ConMon
The modern industry machines are endowed with multiple sensors producing huge amount of data. This also applies for automotive engine testbed where the durability of an engine is tested applying numerous sensors. The biggest challenge thereby is to collect and extract valuable knowledge from this data.
This task becomes even more complex since the data being generated by the sensors are multivariate time series. To be appropriate, to gain valuable insights from this data, one must possess expert knowledge in data analysis of time series data, as well as domain knowledge in automotive engineering. Yet, a testbed engineer is an expert in his domain but rarely in data analysis.
Thus, there is a need on a tool that can help the testbed engineers to readily analyse their data and gain valuable knowledge out of it. This knowledge can be for instance applied in for predictive maintenance, condition monitoring or for anomaly detection.
A durability test of an engine is divided in so-called cycles. The test cycle is defined by a given engine speed and is repeated multiple time until the target operating hours are reached. During a durability test, hundreds of measurement signals (in further text, channels) are measured and stored continuously.
Basically, the results of each cycle should be the same. However, in real live scenarios this is often not the case. When this happens, we are talking about anomalies. Given that such a durability test can take up to 1000 hours and involves multiple sensors, makes it very hard to detect such anomalies at an early stage of the test.
Goals
The goal of this project is to provide data- and visual analytics tools that can be used to detect anomalies cyclic data of automotive testbeds. The methods should be able to deal with large multivariate time series data and be used by domain experts (i.e., engineers) with limited or no knowledge in data analysis and visualisations. Using the provided tools, it should be possible to monitor and forecast the conditions in each cycle of a durability test. To achieve this, it is necessary to not only use data produced by the sensors but also provided by the engineers. The latter is done by providing the engineers the opportunity to deliver feedback that is then incorporated into the system.
Approach
There exist several state-of-the-art algorithms that can be used to define a forecast model. This, however, requires an extensive literature review to analyse, which methods better applies to industrial data. Thus, within the scope of this project, we investigate different algorithms to detect anomalies in multivariate time series and to forecast the durability test.
For the visual analytics tool, however, there exist powerful visualization libraries that provide different interactive 2D visualizations. These visualizations provide a good base to support user to visually navigate through the data and explore them to gain insights and draw important conclusion. However, the literature emphasizes the strength of a glyph-design when it comes to encode multivariate data and readily convey the spatial relationship.
Expected and Achieved Results
In this project, we propose an interactive visual analytics tool that displays the iterations of a durability test as a collection of color-encoded cycle glyphs. To do so, we aim to help the engineers to readily monitor the test and to detect potential anomalies. To achieve this, the engineer selects one glyph (or iteration) and the color of the remaining glyphs (or iterations) shows how much they deviate from the selected one: the darker the color of a glyph is the more it deviates from the selected one.

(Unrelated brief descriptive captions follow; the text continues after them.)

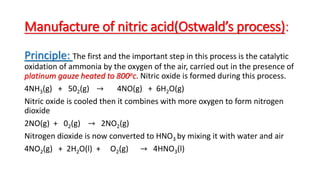 Manufacture of nitric acid(Ostwald’s process):
Principle: The first and the important step in this process is the catalytic
oxidation of ammonia by the oxygen of the air, carried out in the presence of
platinum gauze heated to 800oc. Nitric oxide is formed during this process.
4NH3(g) + 502(g) → 4NO(g) + 6H2O(g)
Nitric oxide is cooled then it combines with more oxygen to form nitrogen
dioxide
2NO(g) + 02(g) → 2NO2(g)
Nitrogen dioxide is now converted to HNO3 by mixing it with water and air
4NO2(g) + 2H2O(l) + O2(g) → 4HNO3(l)
 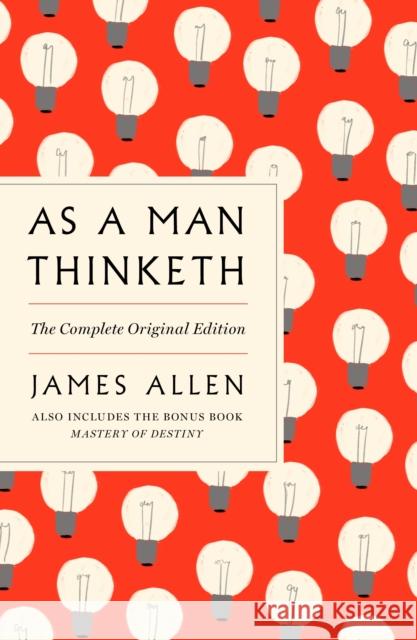 As a Man Thinketh: The Complete Original Edition and Master of Destiny: A GPS Guide to Life Allen, James 9781250309334 St. Martin's Griffin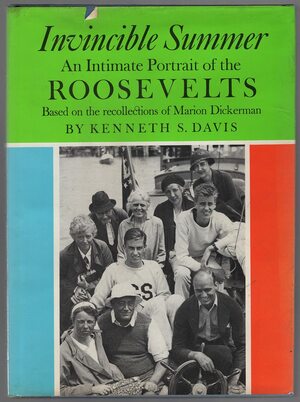 Invincible summer: An intimate portrait of the Roosevelts, based on the recollections of Marion Dickerman by Marion Dickerman, Kenneth Sydney Davis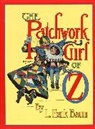 L Frank Baum, L. Frank Baum, John R. Neill, John R Neill, John R. Neill - The Patchwork Girl of Oz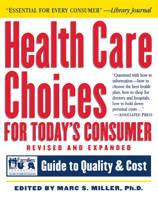 Health Care Choices for Today's Consumer: Guide to Quality and Cost (Robert L. Bernstein Book) 0471170909 Book Cover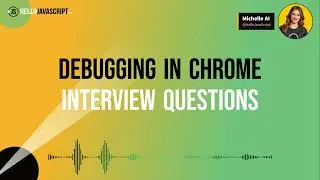 Debugging Javascript In Chrome: JavaScript Interview Questions 🔥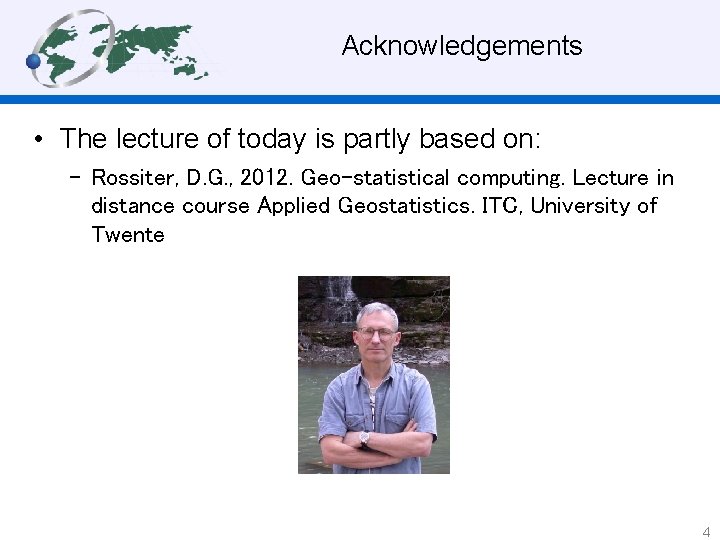 Acknowledgements • The lecture of today is partly based on: – Rossiter, D. G.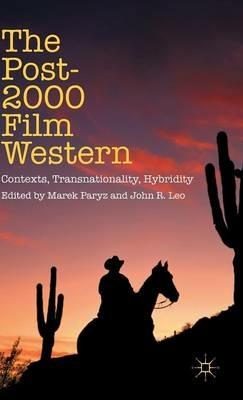 The Post-2000 Film Western: Contexts, Transnationality, Hybridity - cover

To calculate the anomaly score, we apply individual Machine Learning approaches (correlation-based anomaly detection, regression-based anomaly detection) which we have carefully selected considering their accuracy in detecting anomalies in multivariate time series data using 5-fold cross-validation.
Our visual analysis tool has been evaluated by the experts in the field with a pair analysis study. During this test, we investigated how the domain experts work with the proposed tool to detect anomalies on their daily analysis goals. The study has revealed that our tool aids the daily work in automotive testbed environments for two reasons. First, the visual analytics tool helps engineers to analyze the entire testbed dataset and not only a subset of well-known sensors. To do so, the engineers are able to investigate the correlation between the attributes (e.g., temperature and pressure sensor) and not only each attribute on its own. Second, using our tool the engineers are able to readily detect anomalies and explore their sources.
Summarized, our visual analytics tool provides promising methods to address the specific problems associated with automotive testbeds: analyzing multivariate time series and finding anomalies in reoccurring processes. The process and the results of the pair analytics study are published in BigVis2020, co-located with the 23rd International Conference on Extending Database Technology (EDBT 2020) & 23rd Intl. Conference on Database Theory (ICDT 2020. Furthermore, we evaluated the accuracy of the used algorithms for anomaly detection in multivariate time series data performing cross-validation.